Malgré tout, ajoute-t-elle, puisqu’ils n’arrivent pas assez bien formés en français, «il arrive un moment où, au collégial, les étudiants ont une épreuve uniforme de langue à passer qui comprend la grammaire». Et l’institution a le devoir de tout faire pour les mettre à niveau, croit-elle.
D’où le dépoussiérage réclamé en littérature. «Si le travail n'a pas été fait avant, il faut s'assurer que ces étudiants, qui arrivent en épreuve uniforme de langue, soient en mesure de la passer et ça passe par une formation en littérature qui est motivante et qui est intéressante pour la population étudiante si on veut qu'elle arrive après son troisième cours de français au collégial et qu'elle passe son épreuve uniforme avec succès.»
La Fédération et ses associations étudiantes affiliées ont donc souligné avec sarcasme ce 30e anniversaire, d’une part en tenant un party, mais aussi en envoyant des cartes de souhaits aux principaux acteurs décisionnels de l'enseignement supérieur, au premier chef la ministre Pascale Déry.
Dans une missive à La Presse Canadienne, la ministre de l’Enseignement supérieur dit d’abord avoir eu «l’occasion d’en discuter avec la FECQ à la fin janvier, qui nous a partagé son souhait de rendre la formation générale plus attrayante».

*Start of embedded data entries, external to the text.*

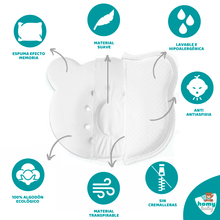 Cargar imagen en el visor de la galería, Almohada Bebé (Blanca) - HOMYBABY
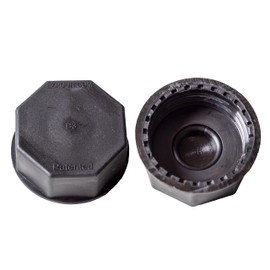 EZ-POUR Solid Base Cap Replacement Gas Tank Cap (Fine Thread) 2 PACK (B3)
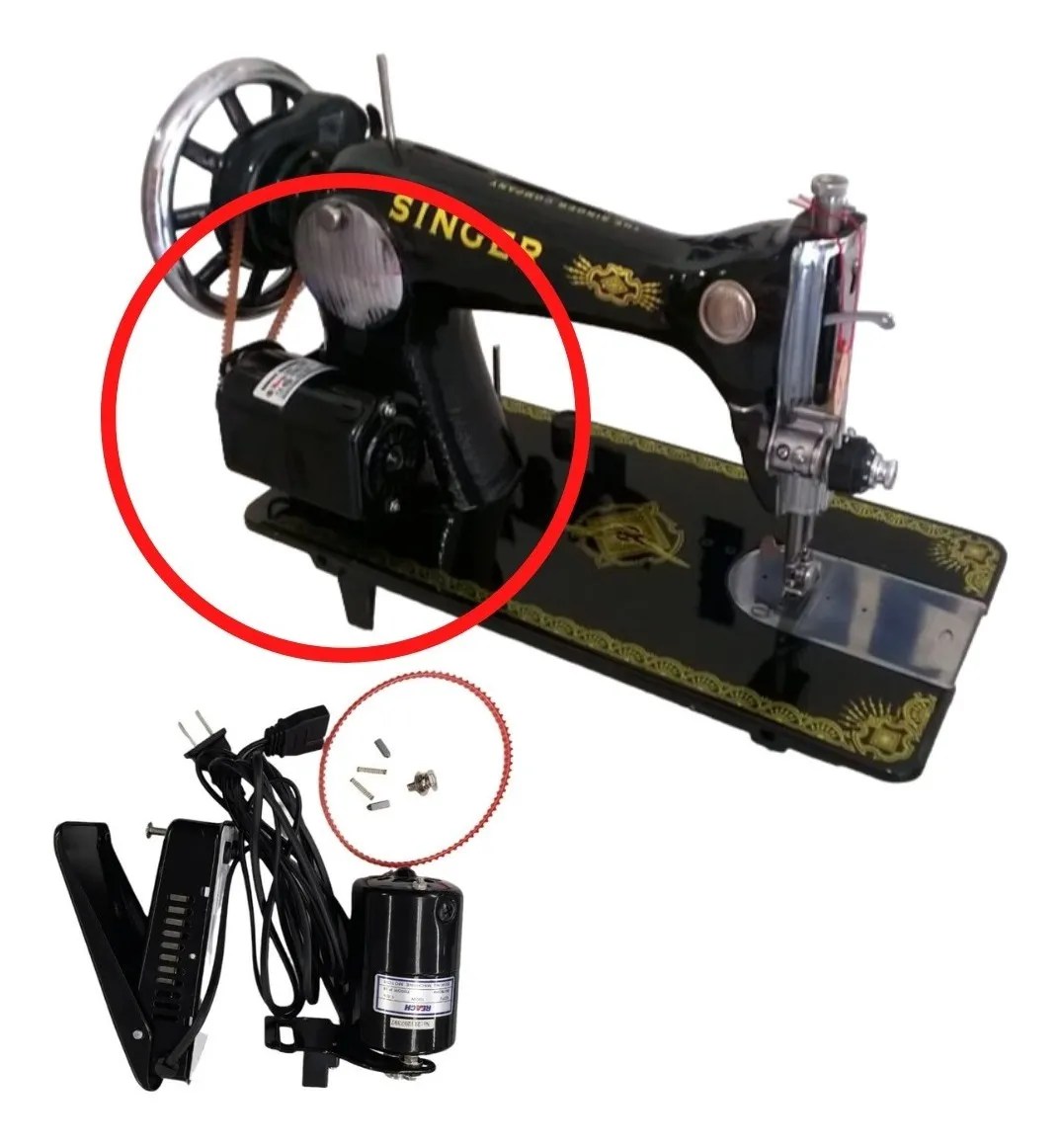 Kit Motor para Maquina de Coser Singer Pedal Y Accesorios | Mebuscar México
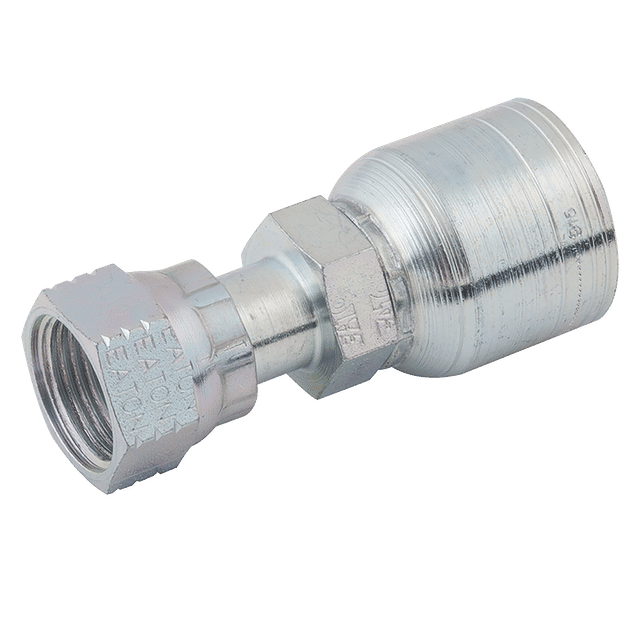Danfoss Aeroquip 9/16" ORS Female Straight Hose ID 1/4" Steel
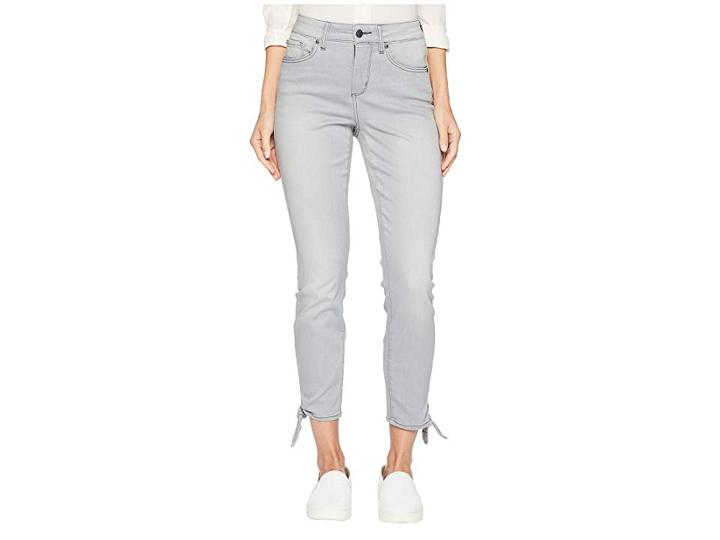 Nydj Ami Skinny Ankle W/ Tie Hem In Carbon Beach (carbon Beach) Women's Jeans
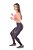 Legging Fitness Cirrê Ikat Detalhe em Tule Tecido Rosset - Imagem 1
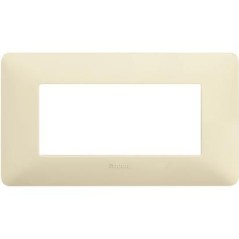Placca Matix 4 Moduli Avorio BTICINO AM4804BAV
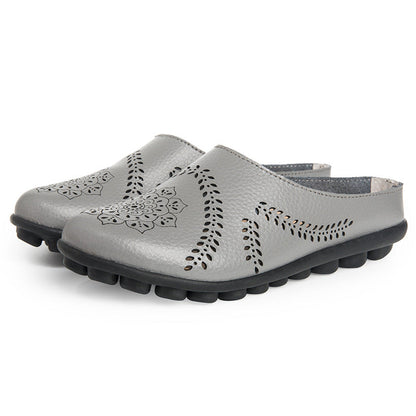 Casual pantoffels met gaten in alle kleuren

Sans faire de promesses, la ministre Déry souligne qu’elle a mis en marche les mécaniques de l’État pour y voir plus clair d’ici la prochaine rentrée scolaire. «Un groupe de travail composé d’enseignants et de conseillers pédagogiques a été mandaté pour justement évaluer ce volet et nous soumettre des recommandations. Nous attendrons les conclusions du rapport, dont le dépôt est prévu à l’été 2023, avant de nous prononcer.»